Two candidates still exist in Figure 9-3: SW1 and SW3. So, who wins? Well, from the BID, the lower-priority switch wins; if a tie occurs, the lower MAC address wins. As shown in the figure, SW1 has a lower BID (32769:0200.0001.0001) than SW3 (32769:0200.0003.0003), so SW1 wins, and SW3 now also believes that SW1 is the better switch. Figure 9-4 shows the resulting Hello messages sent by the switches.

Summarizing, the root election happens through each switch claiming to be root, with the best switch being elected based on the numerically lowest BID. Breaking down the BID into its components, the comparisons can be made as

• The lowest priority

• If that ties, the lowest switch MAC address

Choosing Each Switch’s Root Port

The second part of the STP/RSTP process occurs when each nonroot switch chooses its one and only root port. A switch’s RP is its interface through which it has the least STP/RSTP cost to reach the root switch (least root cost).
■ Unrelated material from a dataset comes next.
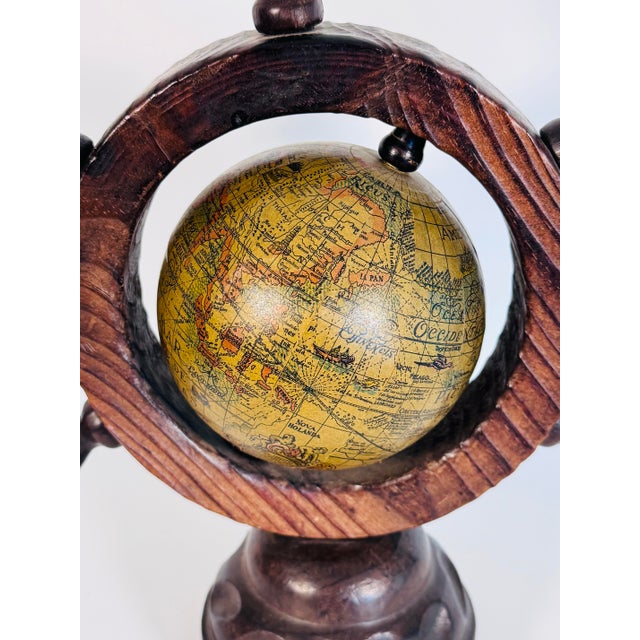 Nautical Vintage 1970s Desktop Nautical Globe Ship's Wheel For Sale - Image 3 of 7
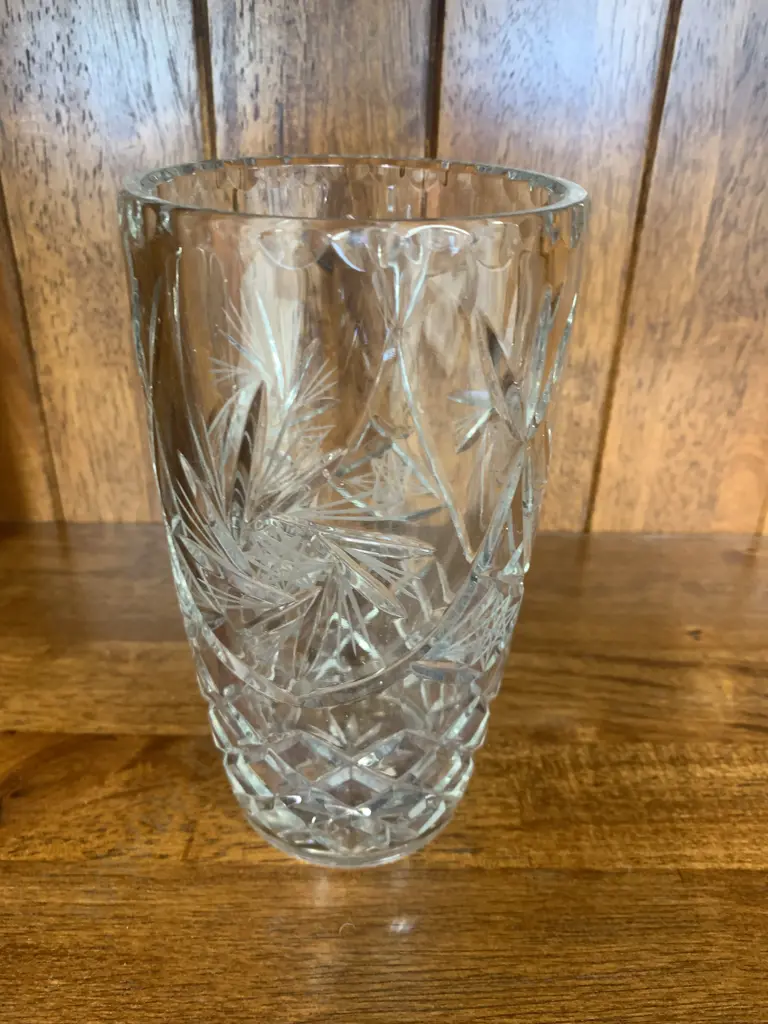 Stunning Vintage Heavy Crystal Vase, H18cm Image 1++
The idea of a switch’s cost to reach the root switch can be easily seen for humans. Just look at a network diagram that shows the root switch, lists the STP/RSTP cost associated with each switch port, and identifies the nonroot switch in question. Switches use a different process than looking at a network diagram, of course, but using a diagram can make it easier to learn the idea.

Figure 9-5 shows just such a figure, with the same three switches shown in the last several figures. SW1 has already won the election as root, and the figure considers the cost from SW3’s perspective. (Note that the figure uses some nondefault cost settings.)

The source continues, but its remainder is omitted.